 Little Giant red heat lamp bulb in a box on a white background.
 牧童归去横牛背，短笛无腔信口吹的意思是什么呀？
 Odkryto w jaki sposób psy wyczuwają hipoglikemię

● ● ● ●

» WHAT THE TASK ASKS: Your response should consist of the data above, duplicated exactly.

» SOLUTION TO THE PROBLEM:
 Little Giant red heat lamp bulb in a box on a white background.
 牧童归去横牛背，短笛无腔信口吹的意思是什么呀？
 Odkryto w jaki sposób psy wyczuwają hipoglikemię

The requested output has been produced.